If a string is found where an iterable is expected, it is treated as an iterable of characters. This was accidental and, which not incorrect, isn't very intuitive to the user. However, fixing it would complicate the code and it is convenient for testing so I'm leaving it be.

### \_\_GetItem\_\_() is implemented on MySeries

This is purely for convenience later on - it means that the print_table function can assume its operating on a list-like object and not worry about the particulars of MySeries

MySeries
=

In [1]:
from collections.abc import Mapping

class MySeries:
    
    def __init__(self, source, index=None):
        
        if isinstance(source, Mapping):
            self.s_dict = dict(source.items())

        else:
            
            try:
                iter(source)
            except:
                source = (source,)

            if index is None:
                pairs = enumerate(source)
            
            else:
                
                try:
                    iter(index)
                except:
                    index = (index,)
                
                pairs = zip(index, source)

            self.s_dict = dict(pairs)
    
    def __getitem__(self, key):
        return self.s_dict[key]
    
    def print(self, to_str=str, separation=2):

        def width(item):
            return len(to_str(item))

        # The "+ 1" here is for the colon
        keys_width = max(map(width, self.s_dict.keys())) + 1
        values_width = max(map(width, self.s_dict.values()))

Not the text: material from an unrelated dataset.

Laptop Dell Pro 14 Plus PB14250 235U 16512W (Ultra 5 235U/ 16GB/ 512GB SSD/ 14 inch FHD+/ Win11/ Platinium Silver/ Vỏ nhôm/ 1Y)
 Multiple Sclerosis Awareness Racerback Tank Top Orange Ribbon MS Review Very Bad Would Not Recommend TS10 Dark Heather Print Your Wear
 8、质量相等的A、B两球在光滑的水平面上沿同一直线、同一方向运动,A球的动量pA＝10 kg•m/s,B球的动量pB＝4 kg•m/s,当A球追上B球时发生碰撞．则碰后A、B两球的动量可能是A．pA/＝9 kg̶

        for k, v in self.s_dict.items():

            text = (to_str(k) + ":").ljust(keys_width)
            text += " "*separation
            text += to_str(v).rjust(values_width)
            print(text)
        
    def min(self):
        
        if len(self.s_dict) == 0:
            msg = "Cannot find the min of an empty series"
            raise ValueError(msg)
        
        try:
            return min(self.s_dict.values())
        
        except TypeError:
            
            message = ("Failed to find min of MySeries."
                " Are the order operators defined"
                " for all pairs of values?")
            
            raise TypeError(message)
    
    def max(self):
        
        if len(self.s_dict) == 0:
            msg = "Cannot find the max of an empty series"
            raise ValueError(msg)
        
        try:
            return max(self.s_dict.values())
        
        except TypeError:
            
            message = ("Failed to find min of MySeries."
            " Are the order operators defined"
            " for all pairs of values?")
                
            raise TypeError(message)
    
    def mean(self):
        
        if len(self.s_dict) == 0:
            msg = "Cannot find the mean of an empty series"
            raise ValueError(msg)
        
        total = 0
        for value in self.s_dict.values():
            
            try:
                number = float(value)
            
            except ValueError:
                
                message = ("Non-numeric value found while"
                " calculating the mean: ") + repr(value)
                
                raise ValueError(message)
            
            total += number

        return total/len(self.s_dict)

Testing MySeries
-

Creating an instance from a list and an index

In [2]:
A = MySeries(["a", "b", "c"], index=[1,2,3])
A.print()

1:  a
2:  b
3:  c


Creating an instance from a list without an index

In [3]:
A = MySeries(["a", "b", "c"])
A.print()

0:  a
1:  b
2:  c


Creating an instance directly from a dictionary

In [4]:
A = {
    1:"a", 
    2:"b", 
    3:"c"
}

B = MySeries(A)
B.print()

1:  a
2:  b
3:  c


**Note:** since a string is iterable, it can be used as input.<br>
This is used often in the remaining tests!

In [5]:
A = MySeries("abc", "123")
A.print()

1:  a
2:  b
3:  c


Input values and index can be of different lengths<br>
(Extra elements on the longer iterable will be ignored)

In [6]:
A = MySeries("abcdef", "123")
A.print()

1:  a
2:  b
3:  c


Input values can be single (non-iterable) values

In [7]:
A = MySeries(0, "abc")
A.print()

a:  0


In [8]:
A = MySeries("abc", 0)
A.print()

0:  a


Printed keys and values are left and right justified respectively

In [9]:
values = [
    "a-123",
    "b-12345",
    "c-12"
]

index = [
    "A-1235",
    "B-12",
    "C-1234567"
]

MySeries(values, index).print()

A-1235:       a-123
B-12:       b-12345
C-1234567:     c-12


Min, max and mean work with numeric values

In [10]:
A = MySeries([1,2,3])

print("Min:", A.min())
print("Max:", A.max())
print("Mean:", A.mean())

Min: 1
Max: 3
Mean: 2.0


Min and max work for any type with an order

In [11]:
A = MySeries("abc")
print("Min:", A.min())
print("Max:", A.max())

Min: a
Max: c


An error will be raised if the necessary order operators are not implemented

In [12]:
class A:
    pass # No definition of order operators

B = MySeries([A(), A()])
print("Max:", B.max())

TypeError: Failed to find min of MySeries. Are the order operators defined for all pairs of values?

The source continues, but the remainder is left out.